Genre parallèle et parfois croisé, la science-fiction belge, dans la foulée de J.-H. Rosny et aussi de Marcel Thiry, se soucie davantage du sens et de la portée profonde des anticipations ou des phénomènes imaginés – fussent-ils habilement conçus – que d’enfantillages et de quincailleries cybernétiques. Jacques Sternberg a notamment nourri cette veine avec brio, tout comme son cadet Alain Dartevelle, qui réussit à renouveler le genre.

« Caractériels »

Pour en finir avec les prosateurs, un coup d’oeil encore, mais nécessaire, sur des écrivains majeurs que l’on pourrait qualifier de « caractériels » à divers égards: l’ancien Belge Marcel Moreau, plus admirable encore dans ses élégies à la gloire de la femme que dans ses écrits enragés, le « banni » Jean-Claude Pirotte assez génial pour faire, avec un seul passé – mais chargé d’errances, d’amitiés et de vin rouge -, des merveilles sans cesse renouvelées ou encore ce visionnaire passionné du quotidien, Eugène Savitskaya, dont le souci d’invisibilité pourrait presque passer pour de l’ostentation.

Le cercle des poètes

Et puis, voici le cercle des poètes dont on sait qu’en Belgique le centre est partout et la circonférence nulle part. Sans compter que beaucoup d’entre eux portent aussi les casquettes de romancier, de nouvelliste, de critique, de dramaturge ou d’essayiste. C’est notamment le cas, parmi les aînés, des Guy Vaes, Gaston Compère, Charles Bertin, Jean Tordeur, Georges Thinès, Philippe Jones, André Gaschtz, Frédéric Kiesel ou Roger Brucher. Au nombre des poètes les plus féconds, les plus populaires (pour autant que la poésie puisse l’être) et les plus présents dans les palmarès de ce temps, s’imposent des noms qui, heureux hasard, quadrillent le pays. Avec l’Hennuyère Claire Lejeune, la Bruxelloise Liliane Wouters et son concitoyen Jacques Crickillon, l’Anversois Werner Lambersy, le Gembloutois William Cliff, le Gaumais Guy Goffette, le Liégeois Jacques Izoard, ou encore le Cinacien Eric Brogniet. Comment faire, sinon citer des noms à propos d’un moyen d’expression qui requiert des approches encore autrement subtiles et circonstanciées que celui des prosateurs? La liste est encore longue et l’on y trouve des talents aussi divers que ceux de Claude Haumont, Francis Dannemark, Paul Emond, Fernand Verhesen (également traducteur et animateur des précieuses éditions poétiques du Cormier), Jean-Pierre Verheggen, Frans De Haes, Daniel De Bruycker, Lucien Noullez, Luc Norin, Pierre Coran, Carl Norac, Marc Quaghebeur, Luc Dellisse, etc.

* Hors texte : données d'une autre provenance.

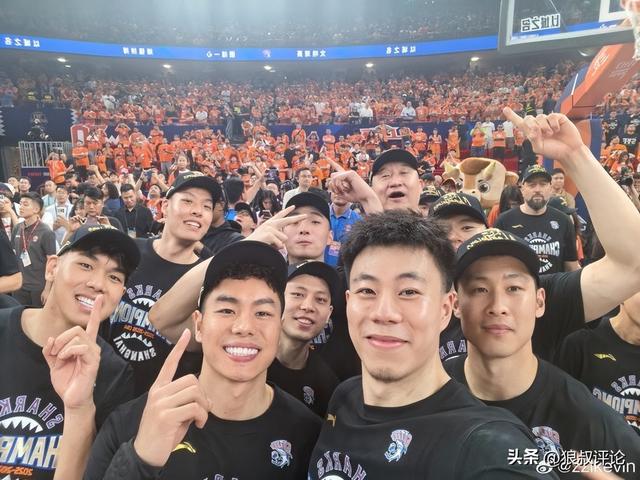 国王两年合同续约内线大将，他在本赛季的表现得到了充分地认可？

Sans oublier celle qui s’est tue récemment: Janine Moulin, à qui l’on doit, outre une oeuvre à la fois sensible et rigoureuse, la création des « Midis de la Poésie », présidés aujourd’hui par Anne Richter, et qui constituent un des vecteurs les plus actifs et les plus populaires de la littérature en général et de la poésie en particulier (qui en a bien besoin).

Fin d’une promenade au pas de charge qui, une fois encore, se termine sur un majuscule « etc. » où l’on voudra bien voir une formule d’excuse envers les oubliés plutôt qu’une fosse commune.